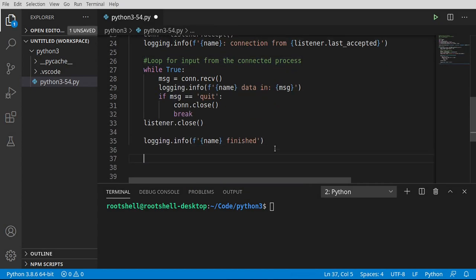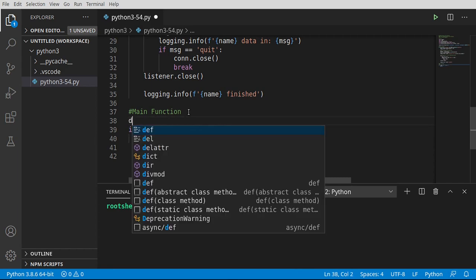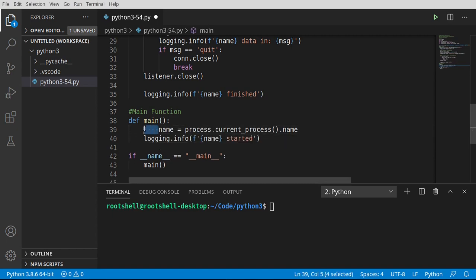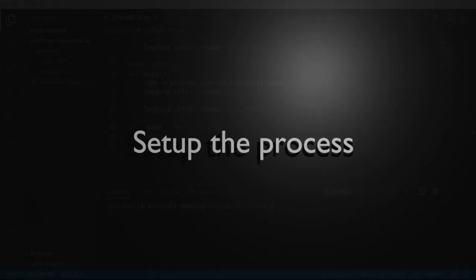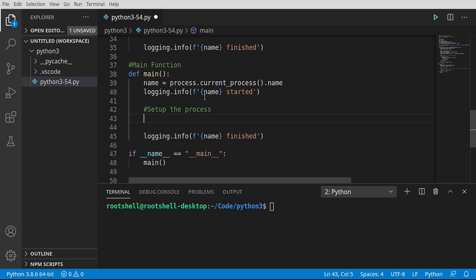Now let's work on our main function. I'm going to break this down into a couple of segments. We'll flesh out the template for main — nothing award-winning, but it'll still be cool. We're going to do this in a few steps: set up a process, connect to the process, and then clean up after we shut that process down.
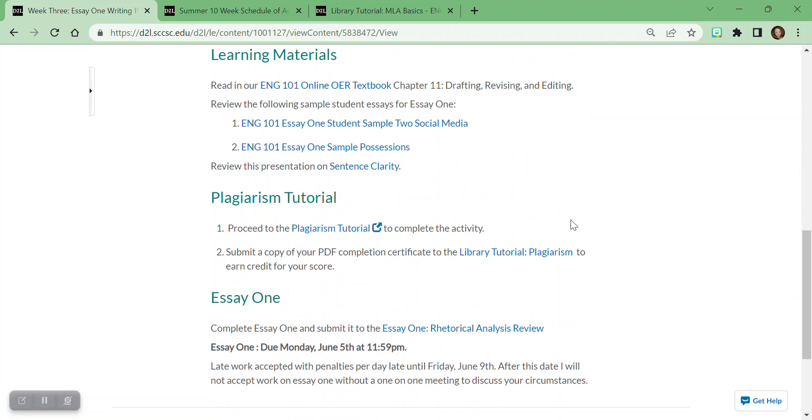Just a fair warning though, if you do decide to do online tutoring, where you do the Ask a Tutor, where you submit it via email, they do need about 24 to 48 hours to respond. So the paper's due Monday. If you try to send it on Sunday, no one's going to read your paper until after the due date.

* * * * * * * * *

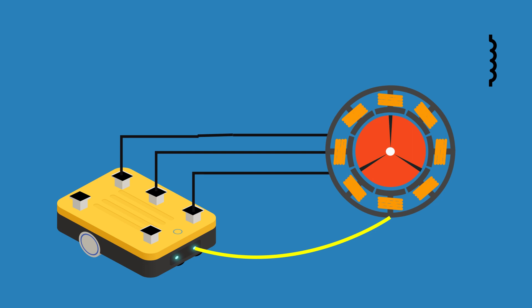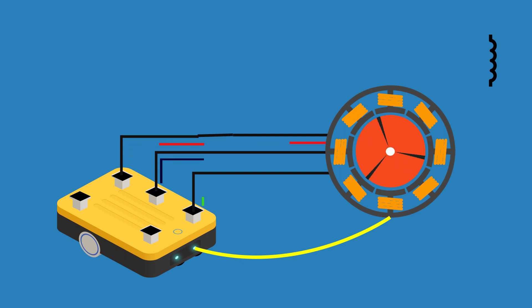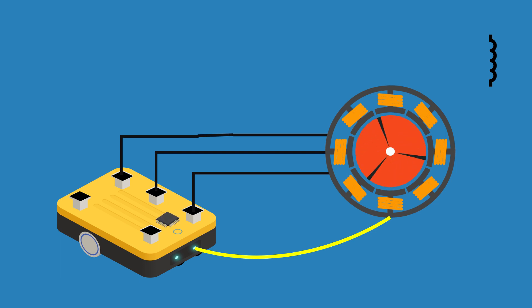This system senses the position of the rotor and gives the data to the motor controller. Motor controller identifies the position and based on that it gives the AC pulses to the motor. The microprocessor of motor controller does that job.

* * * * * * * * *

> [Work order]
Looking at the listing above, which lines run from the one containing "Now let's work" through the one containing "Just a fair"? Print exactly those, ends included, pictures excluded.

> [Task result]
Now let's work on our main function. I'm going to break this down into a couple of segments. We'll flesh out the template for main — nothing award-winning, but it'll still be cool. We're going to do this in a few steps: set up a process, connect to the process, and then clean up after we shut that process down.
Just a fair warning though, if you do decide to do online tutoring, where you do the Ask a Tutor, where you submit it via email, they do need about 24 to 48 hours to respond. So the paper's due Monday. If you try to send it on Sunday, no one's going to read your paper until after the due date.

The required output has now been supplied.